Brief
A verbatim copy of all entries is the expected output.

[Short text fragments from websites]
::::
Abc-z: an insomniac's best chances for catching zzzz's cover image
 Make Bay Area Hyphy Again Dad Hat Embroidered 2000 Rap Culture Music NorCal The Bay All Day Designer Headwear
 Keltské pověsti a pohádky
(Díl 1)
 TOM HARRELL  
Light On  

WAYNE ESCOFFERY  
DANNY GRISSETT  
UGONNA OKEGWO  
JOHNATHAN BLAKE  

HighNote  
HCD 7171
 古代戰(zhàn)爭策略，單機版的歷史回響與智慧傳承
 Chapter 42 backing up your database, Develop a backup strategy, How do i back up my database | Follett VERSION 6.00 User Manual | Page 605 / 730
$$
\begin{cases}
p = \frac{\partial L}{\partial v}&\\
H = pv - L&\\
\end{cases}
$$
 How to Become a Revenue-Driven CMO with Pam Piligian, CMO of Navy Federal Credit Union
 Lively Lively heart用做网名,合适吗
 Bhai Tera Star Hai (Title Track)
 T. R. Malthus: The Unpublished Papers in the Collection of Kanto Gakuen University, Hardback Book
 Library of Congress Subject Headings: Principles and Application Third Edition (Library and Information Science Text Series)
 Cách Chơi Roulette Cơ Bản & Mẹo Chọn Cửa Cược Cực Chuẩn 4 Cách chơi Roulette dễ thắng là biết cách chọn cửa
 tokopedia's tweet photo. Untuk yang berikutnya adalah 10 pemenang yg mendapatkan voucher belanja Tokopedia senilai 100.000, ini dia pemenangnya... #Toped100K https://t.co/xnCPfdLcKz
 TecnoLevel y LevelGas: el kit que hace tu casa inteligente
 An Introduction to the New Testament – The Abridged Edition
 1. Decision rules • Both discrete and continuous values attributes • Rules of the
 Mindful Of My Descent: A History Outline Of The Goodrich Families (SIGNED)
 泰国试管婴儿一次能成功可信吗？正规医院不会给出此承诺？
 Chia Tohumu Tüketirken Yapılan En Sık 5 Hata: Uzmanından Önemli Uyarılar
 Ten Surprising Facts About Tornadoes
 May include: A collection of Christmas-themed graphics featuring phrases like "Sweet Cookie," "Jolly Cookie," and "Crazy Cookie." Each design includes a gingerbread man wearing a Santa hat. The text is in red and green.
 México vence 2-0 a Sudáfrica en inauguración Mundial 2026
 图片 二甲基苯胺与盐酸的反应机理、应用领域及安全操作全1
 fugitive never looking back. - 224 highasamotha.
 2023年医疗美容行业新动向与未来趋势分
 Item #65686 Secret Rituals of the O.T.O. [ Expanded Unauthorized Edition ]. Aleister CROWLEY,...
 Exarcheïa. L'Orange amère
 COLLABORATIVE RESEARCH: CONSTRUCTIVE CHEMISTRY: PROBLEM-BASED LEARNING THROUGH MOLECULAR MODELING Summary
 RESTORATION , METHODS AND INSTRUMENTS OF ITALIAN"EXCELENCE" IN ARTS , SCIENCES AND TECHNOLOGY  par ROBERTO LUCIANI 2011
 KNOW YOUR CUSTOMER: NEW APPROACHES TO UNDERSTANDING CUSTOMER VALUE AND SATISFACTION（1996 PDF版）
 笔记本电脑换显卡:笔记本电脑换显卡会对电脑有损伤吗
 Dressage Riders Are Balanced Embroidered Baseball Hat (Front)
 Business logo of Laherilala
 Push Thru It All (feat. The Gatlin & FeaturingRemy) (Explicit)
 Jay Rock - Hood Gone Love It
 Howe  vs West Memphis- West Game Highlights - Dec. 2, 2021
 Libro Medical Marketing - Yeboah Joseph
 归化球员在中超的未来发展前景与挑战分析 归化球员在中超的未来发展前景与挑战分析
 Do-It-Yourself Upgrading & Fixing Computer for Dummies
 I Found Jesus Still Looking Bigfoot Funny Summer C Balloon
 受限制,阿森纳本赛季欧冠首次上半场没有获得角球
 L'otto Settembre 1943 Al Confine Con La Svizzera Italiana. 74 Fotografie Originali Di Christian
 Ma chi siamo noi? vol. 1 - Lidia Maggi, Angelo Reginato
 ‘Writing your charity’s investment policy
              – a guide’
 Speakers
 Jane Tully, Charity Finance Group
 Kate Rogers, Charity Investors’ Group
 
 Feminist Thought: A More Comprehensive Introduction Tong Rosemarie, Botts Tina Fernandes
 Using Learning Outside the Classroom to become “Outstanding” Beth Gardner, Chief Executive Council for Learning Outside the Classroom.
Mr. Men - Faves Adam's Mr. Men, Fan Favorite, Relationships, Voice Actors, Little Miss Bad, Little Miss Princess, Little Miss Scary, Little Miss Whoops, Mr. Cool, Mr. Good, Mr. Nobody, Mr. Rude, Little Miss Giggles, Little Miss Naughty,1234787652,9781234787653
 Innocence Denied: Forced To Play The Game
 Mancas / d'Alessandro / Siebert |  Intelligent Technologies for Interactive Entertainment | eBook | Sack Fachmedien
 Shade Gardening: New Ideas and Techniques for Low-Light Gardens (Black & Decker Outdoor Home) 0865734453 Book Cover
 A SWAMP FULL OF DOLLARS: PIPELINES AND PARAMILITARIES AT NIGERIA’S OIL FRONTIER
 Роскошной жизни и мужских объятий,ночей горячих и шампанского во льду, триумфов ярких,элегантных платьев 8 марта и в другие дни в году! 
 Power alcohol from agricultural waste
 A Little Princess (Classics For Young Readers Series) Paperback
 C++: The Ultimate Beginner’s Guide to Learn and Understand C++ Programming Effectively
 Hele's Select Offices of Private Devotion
::::
Output
Abc-z: an insomniac's best chances for catching zzzz's cover image
 Make Bay Area Hyphy Again Dad Hat Embroidered 2000 Rap Culture Music NorCal The Bay All Day Designer Headwear
 Keltské pověsti a pohádky
(Díl 1)
 TOM HARRELL  
Light On  

WAYNE ESCOFFERY  
DANNY GRISSETT  
UGONNA OKEGWO  
JOHNATHAN BLAKE  

HighNote  
HCD 7171
 古代戰(zhàn)爭策略，單機版的歷史回響與智慧傳承
 Chapter 42 backing up your database, Develop a backup strategy, How do i back up my database | Follett VERSION 6.00 User Manual | Page 605 / 730
$$
\begin{cases}
p = \frac{\partial L}{\partial v}&\\
H = pv - L&\\
\end{cases}
$$
 How to Become a Revenue-Driven CMO with Pam Piligian, CMO of Navy Federal Credit Union
 Lively Lively heart用做网名,合适吗
 Bhai Tera Star Hai (Title Track)
 T. R. Malthus: The Unpublished Papers in the Collection of Kanto Gakuen University, Hardback Book
 Library of Congress Subject Headings: Principles and Application Third Edition (Library and Information Science Text Series)
 Cách Chơi Roulette Cơ Bản & Mẹo Chọn Cửa Cược Cực Chuẩn 4 Cách chơi Roulette dễ thắng là biết cách chọn cửa
 tokopedia's tweet photo. Untuk yang berikutnya adalah 10 pemenang yg mendapatkan voucher belanja Tokopedia senilai 100.000, ini dia pemenangnya... #Toped100K https://t.co/xnCPfdLcKz
 TecnoLevel y LevelGas: el kit que hace tu casa inteligente
 An Introduction to the New Testament – The Abridged Edition
 1. Decision rules • Both discrete and continuous values attributes • Rules of the
 Mindful Of My Descent: A History Outline Of The Goodrich Families (SIGNED)
 泰国试管婴儿一次能成功可信吗？正规医院不会给出此承诺？
 Chia Tohumu Tüketirken Yapılan En Sık 5 Hata: Uzmanından Önemli Uyarılar
 Ten Surprising Facts About Tornadoes
 May include: A collection of Christmas-themed graphics featuring phrases like "Sweet Cookie," "Jolly Cookie," and "Crazy Cookie." Each design includes a gingerbread man wearing a Santa hat. The text is in red and green.
 México vence 2-0 a Sudáfrica en inauguración Mundial 2026
 图片 二甲基苯胺与盐酸的反应机理、应用领域及安全操作全1
 fugitive never looking back. - 224 highasamotha.
 2023年医疗美容行业新动向与未来趋势分
 Item #65686 Secret Rituals of the O.T.O. [ Expanded Unauthorized Edition ]. Aleister CROWLEY,...
 Exarcheïa. L'Orange amère
 COLLABORATIVE RESEARCH: CONSTRUCTIVE CHEMISTRY: PROBLEM-BASED LEARNING THROUGH MOLECULAR MODELING Summary
 RESTORATION , METHODS AND INSTRUMENTS OF ITALIAN"EXCELENCE" IN ARTS , SCIENCES AND TECHNOLOGY  par ROBERTO LUCIANI 2011
 KNOW YOUR CUSTOMER: NEW APPROACHES TO UNDERSTANDING CUSTOMER VALUE AND SATISFACTION（1996 PDF版）
 笔记本电脑换显卡:笔记本电脑换显卡会对电脑有损伤吗
 Dressage Riders Are Balanced Embroidered Baseball Hat (Front)
 Business logo of Laherilala
 Push Thru It All (feat. The Gatlin & FeaturingRemy) (Explicit)
 Jay Rock - Hood Gone Love It
 Howe  vs West Memphis- West Game Highlights - Dec. 2, 2021
 Libro Medical Marketing - Yeboah Joseph
 归化球员在中超的未来发展前景与挑战分析 归化球员在中超的未来发展前景与挑战分析
 Do-It-Yourself Upgrading & Fixing Computer for Dummies
 I Found Jesus Still Looking Bigfoot Funny Summer C Balloon
 受限制,阿森纳本赛季欧冠首次上半场没有获得角球
 L'otto Settembre 1943 Al Confine Con La Svizzera Italiana. 74 Fotografie Originali Di Christian
 Ma chi siamo noi? vol. 1 - Lidia Maggi, Angelo Reginato
 ‘Writing your charity’s investment policy
              – a guide’
 Speakers
 Jane Tully, Charity Finance Group
 Kate Rogers, Charity Investors’ Group
 
 Feminist Thought: A More Comprehensive Introduction Tong Rosemarie, Botts Tina Fernandes
 Using Learning Outside the Classroom to become “Outstanding” Beth Gardner, Chief Executive Council for Learning Outside the Classroom.
Mr. Men - Faves Adam's Mr. Men, Fan Favorite, Relationships, Voice Actors, Little Miss Bad, Little Miss Princess, Little Miss Scary, Little Miss Whoops, Mr. Cool, Mr. Good, Mr. Nobody, Mr. Rude, Little Miss Giggles, Little Miss Naughty,1234787652,9781234787653
 Innocence Denied: Forced To Play The Game
 Mancas / d'Alessandro / Siebert |  Intelligent Technologies for Interactive Entertainment | eBook | Sack Fachmedien
 Shade Gardening: New Ideas and Techniques for Low-Light Gardens (Black & Decker Outdoor Home) 0865734453 Book Cover
 A SWAMP FULL OF DOLLARS: PIPELINES AND PARAMILITARIES AT NIGERIA’S OIL FRONTIER
 Роскошной жизни и мужских объятий,ночей горячих и шампанского во льду, триумфов ярких,элегантных платьев 8 марта и в другие дни в году! 
 Power alcohol from agricultural waste
 A Little Princess (Classics For Young Readers Series) Paperback
 C++: The Ultimate Beginner’s Guide to Learn and Understand C++ Programming Effectively
 Hele's Select Offices of Private Devotion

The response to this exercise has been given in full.